B. Luc Adolphe Tiao, président du Conseil supérieur de la communication : « Qu’on ne vienne pas au journalisme comme on va en balade... »
B. Luc Adolphe Tiao, président du Conseil supérieur de la communication : « Qu’on ne vienne pas au journalisme comme on va en balade... »
- B. Luc Adolphe Tiao
L’état des lieux de la presse burkinabè de nos jours, la portée des prix Galian, la convention collective des journalistes, la dépénalisation des délits de presse au Burkina Faso... Le président du Conseil supérieur de la communication (CSC), Beyon Luc Adolphe Tiao, parrain de la XIe édition des prix Galian, s’exprime sans détour sur ces questions dans cet entretien.
Au moment où il est en partance pour Paris où il représentera le Burkina Faso, il fait une analyse du monde de la communication de son pays et pense qu’il appartient avant tout, aux journalistes de protéger leur corporation et d’amener les autres à leur faire confiance.
Sidwaya (S) : Que retenez-vous des prix Galian après une décennie d’existence ?
Beyon Luc Adolphe Tiao (B.L.A.T) : Je voudrais avant toute chose, rendre hommage aux hommes et aux femmes qui ont œuvré à la concrétisation de cette idée qui est devenue au fil des années, un rendez-vous pour célébrer l’excellence. En effet, les prix Galian constituent un événement majeur pour les travailleurs des secteurs de l’information et de la communication.
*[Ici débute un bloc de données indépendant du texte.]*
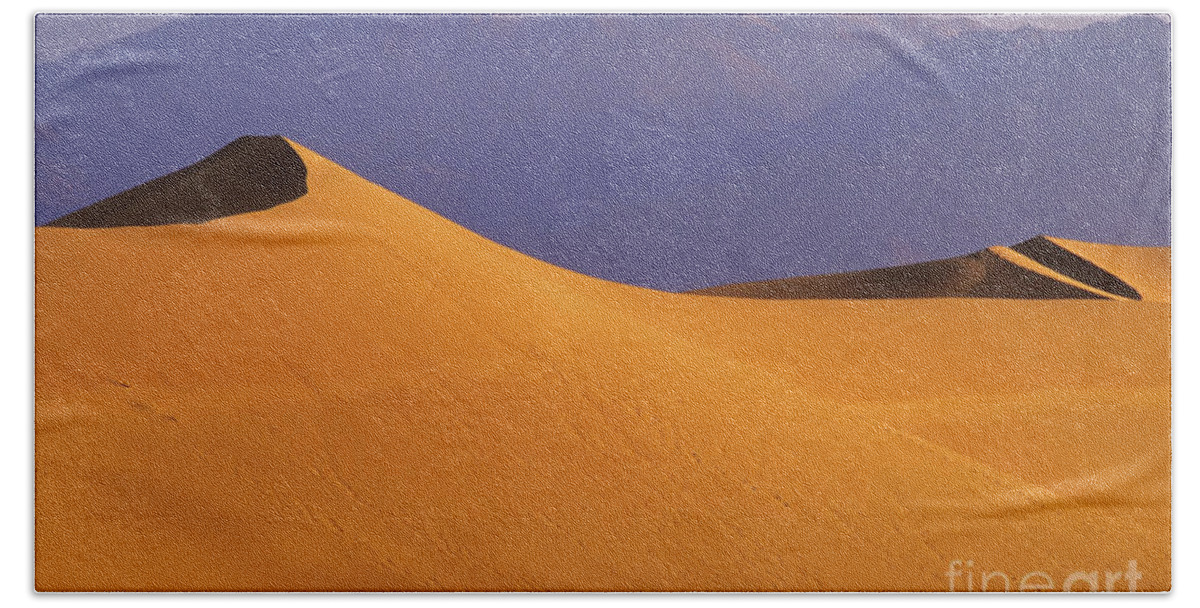 Death Valley Bath Towel featuring the photograph Mountains Of Sand by Bob Christopher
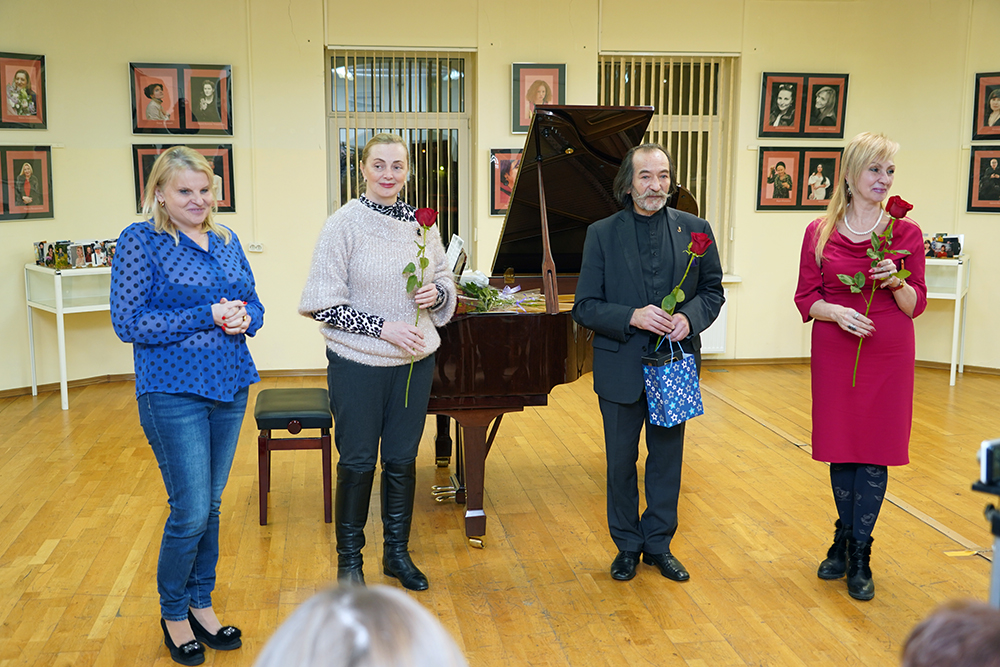 Инта Рыжикова, Галина Кожемяченко, Сергей Осколков, Елена Григорьянц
Aujourd’hui comme à la première édition, l’objectif de cette manifestation reste inchangé à savoir, stimuler le professionnalisme et la quête permanente de l’excellence. Après une décennie d’existence, on peut se satisfaire de l’organisation sans interruption de l’événement, même si l’on peut s’accorder à reconnaître que toute œuvre humaine est perfectible.
S. : Pensez-vous que ces prix ont apporté une amélioration dans la production des articles de presse au Burkina Faso ?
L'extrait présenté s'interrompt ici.